Lessons Learned from a Large Course Redesign in the Social Sciences: Can technology be used to improve efficiency in the use of departmental resources, maintain quality and rigor in the course material, and achieve consistent assessment across graders?

Concurrent Session 1
Streamed Session

Brief Abstract

Using data gathered from the same course offering over a 3 year period, this study provides insight into:  the use of rubrics and training techniques to achieve consistent assessment across graders; a comparison of online versus face to face offerings and the use of technology to enhance or detract from the quality and rigor;  and methods/tools for faculty members to effectively manage a large online course.  

Extended Abstract

Approximately three years ago, my colleagues and I redesigned a large section of a traditional “face-to-face” (FTF) political science class in order to offer it in online.  Confronted with increasingly limited faculty resources, yet increasing undergraduate demand for this particular class (PS 305 Law and Justice in the American Political Process), we began studying how this course could be offered using available technology to a large number of students online using one faculty member with assistance from multiple graduate students.  Our research, therefore, examines the reliability and validity of using graduate students to grade distance education course assignments by evaluating graduate student graders’ assessments compared to core faculty assessments of the same students’ work.   Our research also examines potential qualitative differences in delivering the material in the online versus the face-to-face format. In response to criticism that online courses may not have the same rigor or quality as face-to-face courses, we ensured that the online course mirror the face-to-face course and at the same time reflect lessons from online pedagogy.  There are some differences in the two course formats, but not in content, course learning objectives or assessments.  As examples, in the redesign, we incorporated group projects in both the face-to-face and online sections to enhance collaboration.  Google presentation and Moodle forums were used in both sections to enhance accountability in group participation.
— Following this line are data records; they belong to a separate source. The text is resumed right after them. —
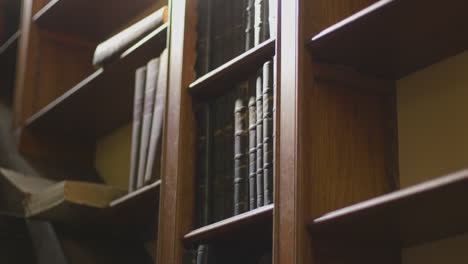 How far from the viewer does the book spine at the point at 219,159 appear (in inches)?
81.1

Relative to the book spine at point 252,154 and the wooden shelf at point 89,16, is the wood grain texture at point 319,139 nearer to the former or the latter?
the book spine at point 252,154

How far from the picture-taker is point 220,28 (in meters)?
2.24

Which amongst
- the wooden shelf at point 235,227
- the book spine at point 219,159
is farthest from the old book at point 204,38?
the wooden shelf at point 235,227

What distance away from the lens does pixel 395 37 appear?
5.72 ft

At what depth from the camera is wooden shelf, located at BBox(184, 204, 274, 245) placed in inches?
71.4

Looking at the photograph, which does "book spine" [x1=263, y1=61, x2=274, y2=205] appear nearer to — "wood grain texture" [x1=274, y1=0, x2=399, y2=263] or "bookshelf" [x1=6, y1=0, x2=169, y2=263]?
"wood grain texture" [x1=274, y1=0, x2=399, y2=263]

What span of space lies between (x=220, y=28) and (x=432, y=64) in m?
0.59

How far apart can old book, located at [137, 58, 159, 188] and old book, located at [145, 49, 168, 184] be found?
1.3 inches

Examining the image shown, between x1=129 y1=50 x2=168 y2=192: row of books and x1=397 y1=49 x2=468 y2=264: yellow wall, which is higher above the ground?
x1=129 y1=50 x2=168 y2=192: row of books

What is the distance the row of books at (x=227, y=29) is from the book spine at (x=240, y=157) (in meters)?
0.15

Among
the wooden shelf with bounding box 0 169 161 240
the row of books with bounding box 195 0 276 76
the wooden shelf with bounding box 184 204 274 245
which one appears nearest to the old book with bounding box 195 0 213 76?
the row of books with bounding box 195 0 276 76

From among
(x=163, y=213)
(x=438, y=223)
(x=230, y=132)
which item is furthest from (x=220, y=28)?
(x=438, y=223)

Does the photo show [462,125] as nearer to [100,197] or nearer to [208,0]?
[208,0]

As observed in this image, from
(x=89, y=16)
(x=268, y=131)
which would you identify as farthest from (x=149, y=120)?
(x=89, y=16)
After delivering the online course as a pilot in Spring 2014, we offered the face-to-face redesign in Fall 2014 and the full online redesign in Spring 2015.  Using detailed rubrics to guide graders in their assessment of short essays and identifications, we found that although calibrating grades is possible, the variation in grading was admittedly sub-optimal.  Building on that initial promise, we found in subsequent semesters that grading could be effectively standardized despite expanding the types of assignments that were graded.  Improvement was derived primarily from increasing the rigor of the grading rubrics and recalibrating after an initial assessment of a subset of the assignment. Furthermore, the increased reliability and validity of grading occurred despite varying the research design from an across-subjects design (what was the average grade for assignments determined independently by a graduate student’s versus a core faculty member?) to a within subjects design (did graduate students and faculty arrive at the same grades for the same student assignments?). The consistent results are valuable because they suggest our methods for promoting grading reliability and validity were not generated by any particular research methodology.  Presently, we are offering the second iteration of the face-to-face redesign with the same graders from the prior semester. The same graduate students are tasked with grading the same assignments that were given to students in both learning environments.  Although we cannot complete our analysis until the end of the current semester, preliminary evaluation indicates that assessment is consistent across delivery format. 
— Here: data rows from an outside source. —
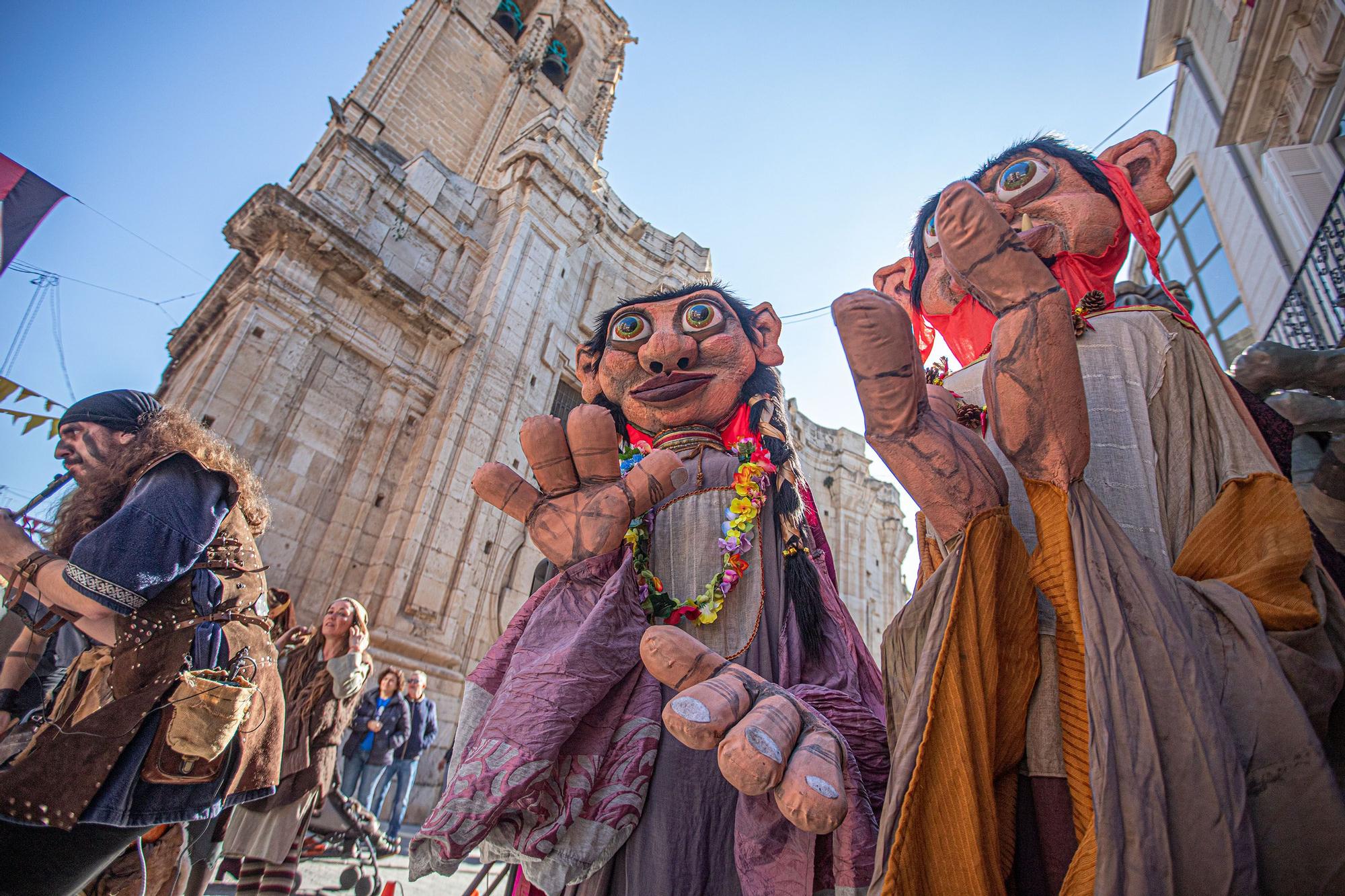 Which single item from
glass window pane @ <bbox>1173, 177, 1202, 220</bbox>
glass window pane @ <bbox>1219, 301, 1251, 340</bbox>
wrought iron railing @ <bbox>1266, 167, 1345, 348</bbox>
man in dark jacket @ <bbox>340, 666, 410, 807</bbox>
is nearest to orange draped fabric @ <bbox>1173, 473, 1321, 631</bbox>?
wrought iron railing @ <bbox>1266, 167, 1345, 348</bbox>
We believe our results provide useful insight into:  (1) the use of rubrics and training techniques to achieve consistent assessment across graders/teaching assistants; (2) the use of technology to create collaboration in both the online and face to face learning environment; (3) how technology may potentially enhance or detract from the quality and rigor; and (4) the development of methods/tools that faculty members can use to effectively manage a large online social science course.  Most importantly, our results indicate that with proper training graduate students can grade many assignments for online courses on par with that traditionally performed by core faculty, thus increasing the ability to offer high demand courses in non-traditional formats.